Mounted and coached by Farrell, the performances of works by Balanchine – supplemented by some Jerome Robbins and Maurice Béjart choreography she’d also danced – were infallibly musical and suffused with the sweetness and openness of spirit that leads to the sublime. The interpretations of roles with a dramatic component were authentic, thought through, and felt. The mechanical pyrotechnic feats and depersonalized theatrical slickness that have become synonymous with ballet in our time were banished to the hell in which they belong. Not one of the performers comes close to Farrell’s own genius for dancing, but they have absorbed her approach to the art as well as values – about devotion to a world that extends far beyond oneself, about being available to the exigencies of the moment – that are not solely aesthetic.

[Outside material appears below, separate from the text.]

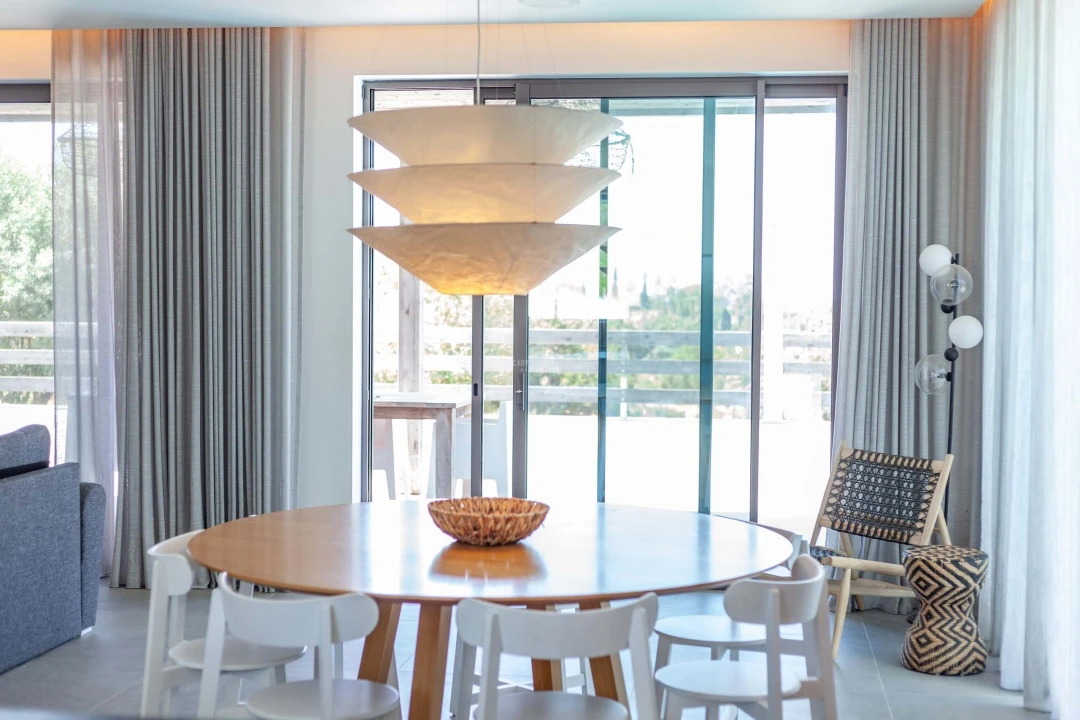 Moradia T4 para Venda em Ferragudo Foto 9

This is all very well, but what next? Since her retirement from the stage in 1989, Farrell has proved over and over again – through her teaching and through her staging of the Balanchine repertoire – that she’s equipped to play a significant role in the effort to keep classical dancing true to its nature. No further trials are necessary. The urgent issue is implementing most effectively all she has to offer. There’s a rising sentiment among ballet fans that Farrell’s present ad hoc group should evolve into a permanent institution. But anyone aware of what founding a real company entails will see that matters of time and money caution against this route.
Farrell needs to be annexed, I would venture, to an already established company with a deep, ongoing commitment to Balanchine – or to three or four such companies that could share her services. Forget New York City Ballet for now; the home team had its chance and turned it down. Think Edward Villella’s Miami City Ballet (which has already had a successful one-shot deal with Farrell). Think Helgi Tomasson’s San Francisco Ballet, Kent Stowell and Francia Russell’s Pacific Northwest Ballet, Arthur Mitchell’s Dance Theatre of Harlem. Though all of these groups are run by astute Balanchine acolytes, they would benefit hugely from Farrell’s particular ability to make her dancers expansive, individual, and luminous. ABT’s house programs, I’ve noticed, carry notices of private funding earmarked to support the appearances of major artists. If Farrell is not a major artist, I don’t know who is. Her “appearances” may be behind the scenes these days, but they are, more than ever, consequential to the art she serves.